What you should do:
Pictures aside, the output must consist of the lines from the one containing "Brian Clay - The Keys to Christmas" through the end of the data, reproduced exactly.
====== Task data
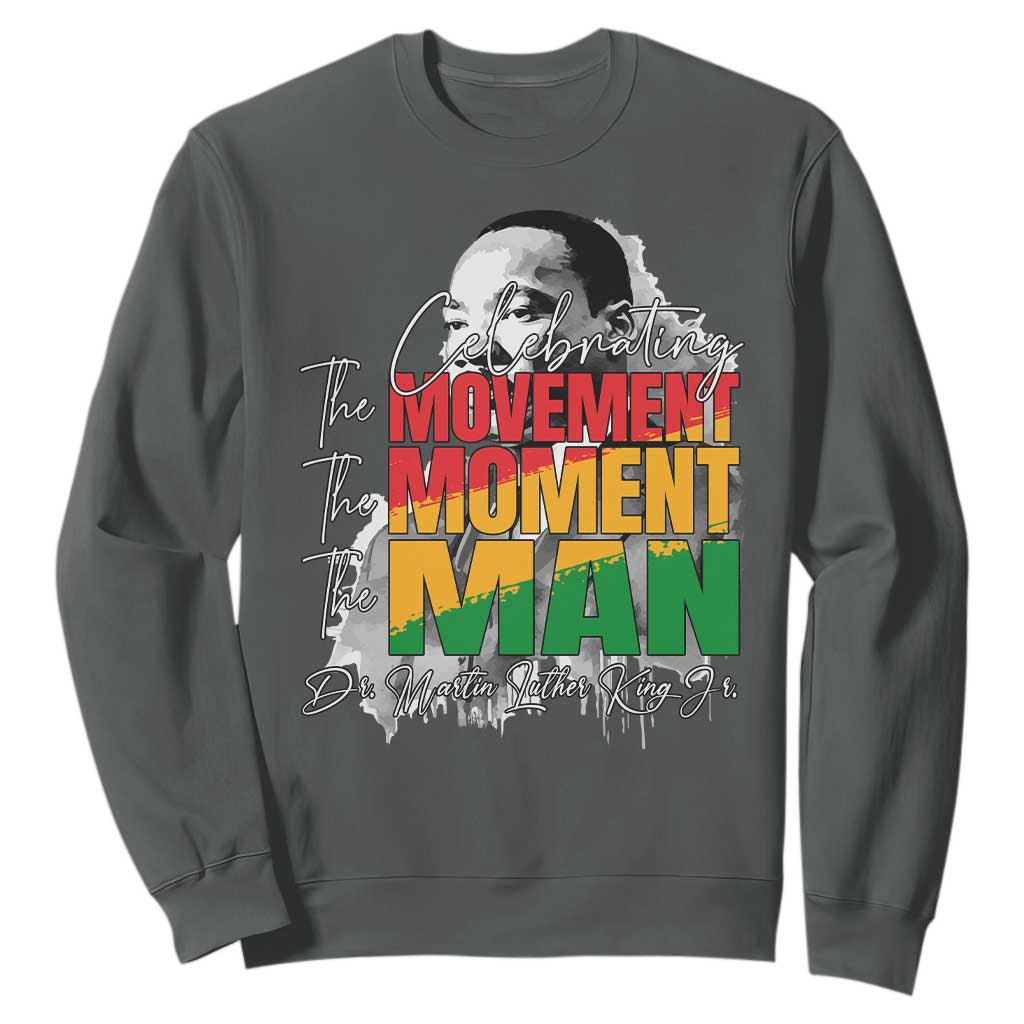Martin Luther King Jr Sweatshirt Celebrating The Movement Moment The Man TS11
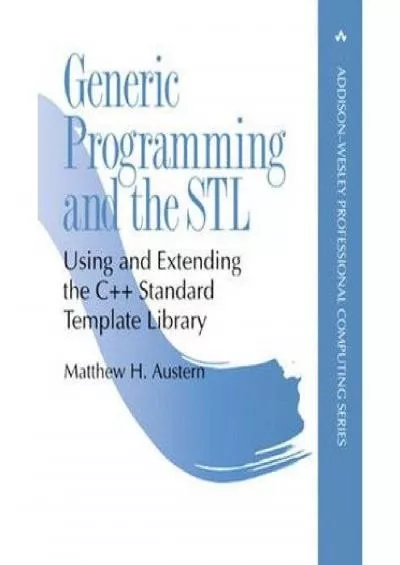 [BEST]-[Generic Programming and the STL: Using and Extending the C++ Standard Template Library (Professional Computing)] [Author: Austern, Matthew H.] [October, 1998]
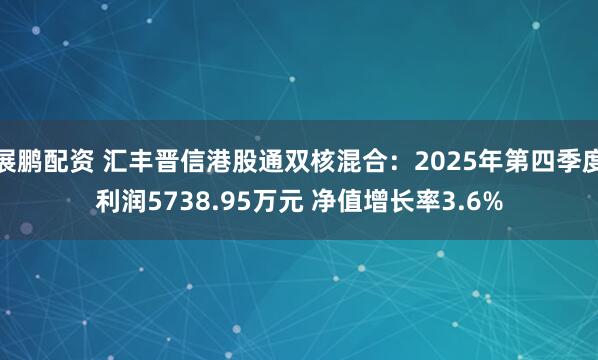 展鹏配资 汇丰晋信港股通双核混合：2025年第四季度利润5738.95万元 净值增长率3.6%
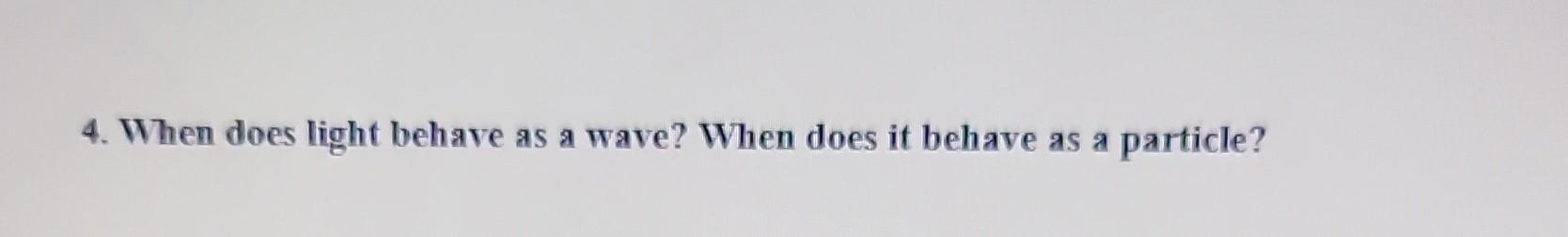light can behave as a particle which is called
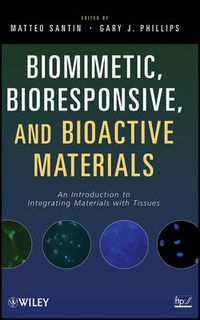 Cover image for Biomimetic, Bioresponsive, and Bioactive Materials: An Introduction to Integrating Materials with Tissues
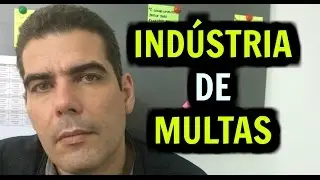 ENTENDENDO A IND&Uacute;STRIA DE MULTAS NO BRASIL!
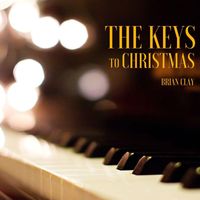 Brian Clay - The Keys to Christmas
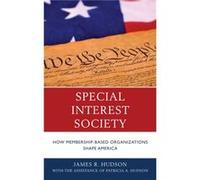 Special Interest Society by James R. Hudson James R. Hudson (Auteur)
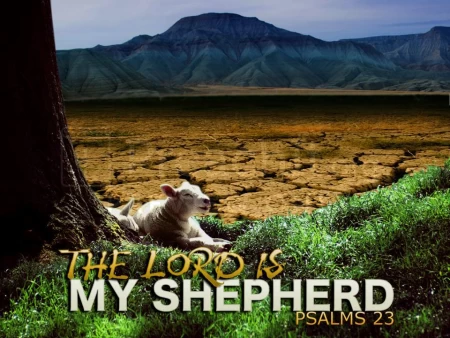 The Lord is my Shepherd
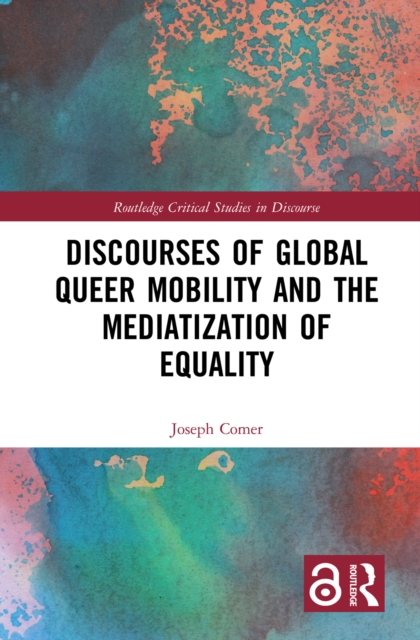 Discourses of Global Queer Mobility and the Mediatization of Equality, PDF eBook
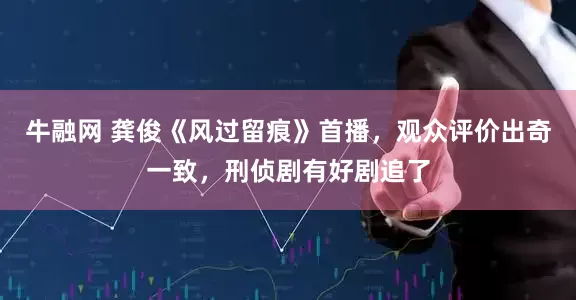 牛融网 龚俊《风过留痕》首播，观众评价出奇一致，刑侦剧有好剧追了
============
Exercise solution:
 Brian Clay - The Keys to Christmas
 Special Interest Society by James R. Hudson James R. Hudson (Auteur)
 The Lord is my Shepherd
 Discourses of Global Queer Mobility and the Mediatization of Equality, PDF eBook
 牛融网 龚俊《风过留痕》首播，观众评价出奇一致，刑侦剧有好剧追了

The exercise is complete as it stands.